By Connor Buechler, Matthew W Semler, David A. Baker, Christina Newman, Joseph P. Cornish, Deborah Chavez, Bernadette Guerra, Robert Lanford, Kathy Brasky, Jens H. Kuhn, Reed F. Johnson, David H O'Connor, Adam L Bailey

Posted 22 Aug 2018
bioRxiv DOI: 10.1101/397430 (published DOI: 10.3390/v10120701)

Simarteviruses (Arteriviridae: Simartevirus) are commonly found at high titers in the blood of African monkeys but do not cause overt disease in these hosts. In contrast, simarteviruses cause severe disease in Asian macaques upon accidental or experimental transmission. Here, we sought to better understand the host-dependent drivers of simartevirus pathogenesis by infecting olive baboons (n=4) and rhesus macaques (n=4) with the simartevirus Southwest baboon virus 1 (SWBV-1). Surprisingly, none of the animals in our study showed signs of disease following SWBV-1 inoculation. Three animals (two rhesus monkeys and one olive baboon) became infected and sustained high levels of SWBV-1 viremia for the duration of the study. The course of SWBV-1 infection was highly predictable: plasma viremia peaked between 1E7 and 1E8 vRNA copies/ml at 3-10 days post-inoculation, which was followed by a relative nadir and then establishment of a stable set-point between 1E6 and 1E7 vRNA copies/ml for the remainder of the study (56 days).
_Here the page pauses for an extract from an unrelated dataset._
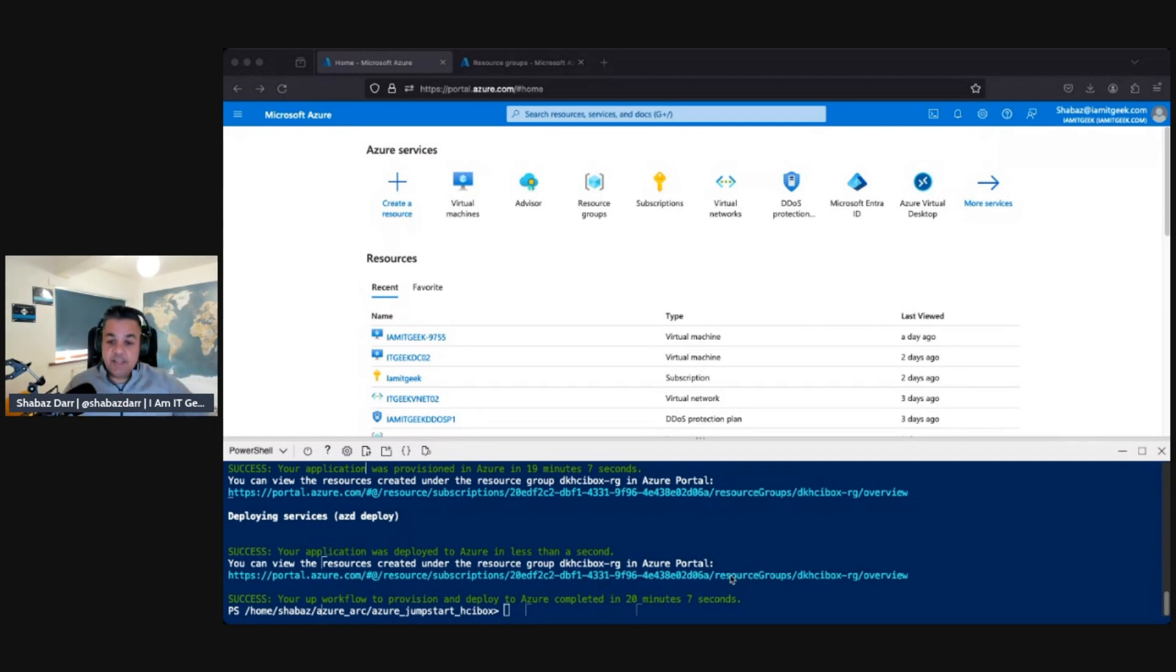That's essentially what I want to just show, the provisioning of the HCI box. What we'll do is in the next episode, we'll actually look at the services it's provided and look at maybe connecting and seeing how you connect through the Bastion. So yeah, just wanted to show the provisioning of my HCI box within my tenant in my sandbox.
We characterized cellular and antibody responses to SWBV-1 infection in these animals, demonstrating that macaques and baboons mount similar responses to SWBV-1 infection, yet these responses are ineffective at clearing SWBV-1 infection. SWBV-1 sequencing revealed the accumulation of non-synonymous mutations in a region of the genome that corresponds to an immunodominant epitope in the simartevirus major envelope glycoprotein GP5, which likely contribute to viral persistence by enabling escape from host antibodies.